Все помолчали, задумчивые и растревоженные в самом главном и животрепещущем, а после пан Юлиуш произнес:

– Думается мне, пан профессор, что не завтра, ибо поздно уже, и я, старик, не успею как следует отдохнуть, а послезавтра, поеду я в Краков… Пан профессор – если у нас с вами есть какой-то шанс разрешить эту ситуацию или хотя бы увидеть возможный выход из нее, то мы должны положиться на ум и опыт пана ректора. Да, именно так. Поверьте – я знаю пана Лер-Сплавински уже и в самых страшных обстоятельствах, в которых его не видели и не знали вы, и не сомневаюсь, что он в данном случае – тот единственный человек, на которого можно положиться.

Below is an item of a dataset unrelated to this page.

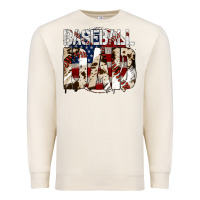 Baseball Dad Premium Sweatshirt | Teevron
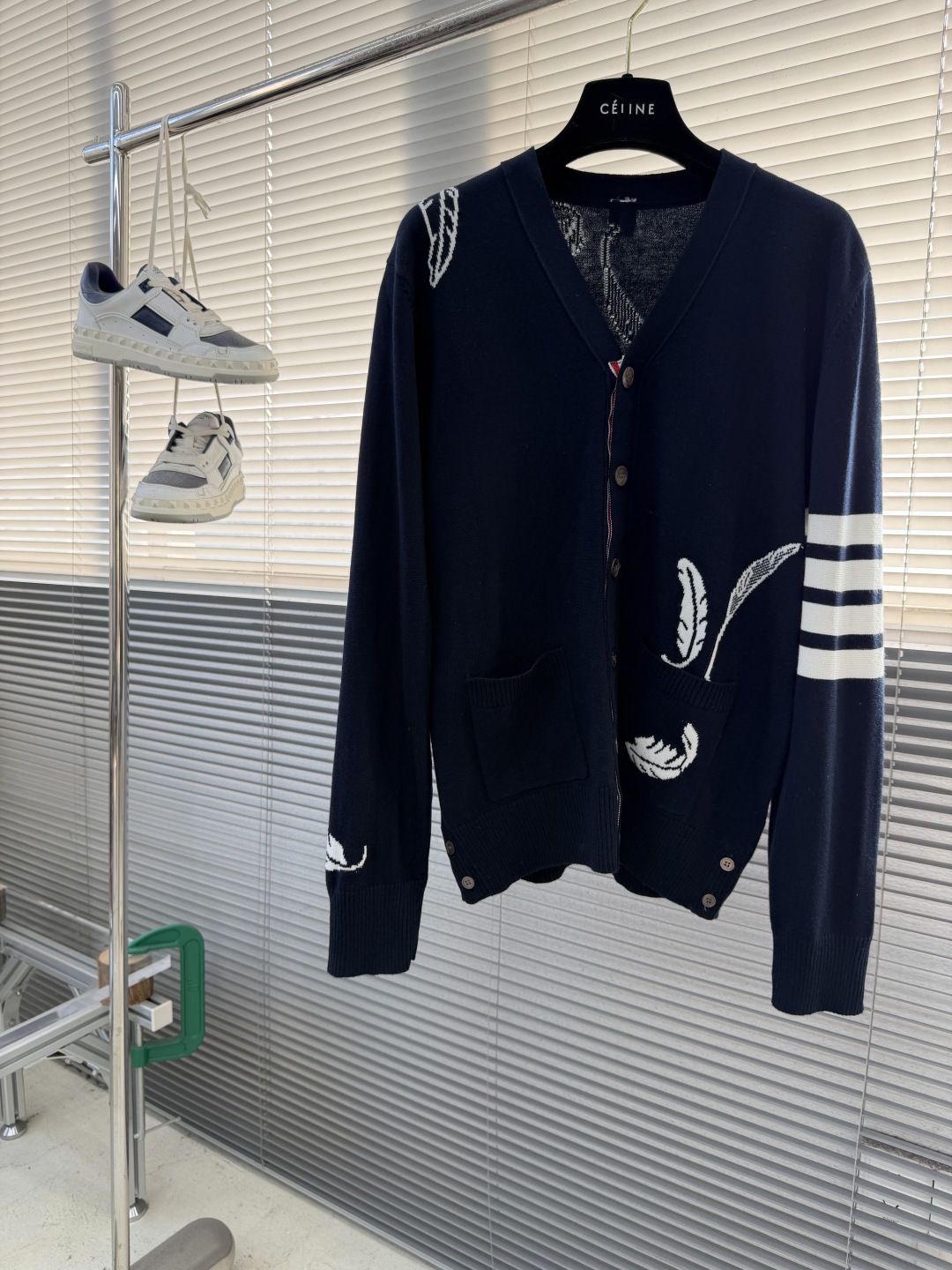 Thom Browne Couple Basic Clothing Knitted L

И если кто-то, дорогой пан профессор, способен помочь вам с пани Магдаленой, то только он… с высоты его опыта и возможностей, поверьте, всё может предстать иначе. Только ему я расскажу вашу с пани Магдаленой историю, расскажу всю целиком, как она мне увиделась и запомнилась, здесь уж вам придется довериться мне. Я считаю – не может быть такого, чтобы пан ректор не поверил вам, не проникся до глубины души и не захотел вам помочь, как это будет в его возможностях и силах! Поверьте – его страшно мучает происходящее вокруг и обреченность по большей части, увы, бездействовать, и возможность помочь одному из самых любимых и уважаемых коллег, будет для него счастьем! А он, поверьте, именно так и относился к вам и только так воспримет пусть и не легкие, но всё же радостные новости о вас! Чтобы там ни было, пан профессор, вы ведь живы!.. Будь вы тогда арестованы со всеми, оставайся вы в Кракове – вас бы уже не было на свете… И одно то, что вы живы, пусть даже много трагического и страшного произошло с вами – это великое чудо…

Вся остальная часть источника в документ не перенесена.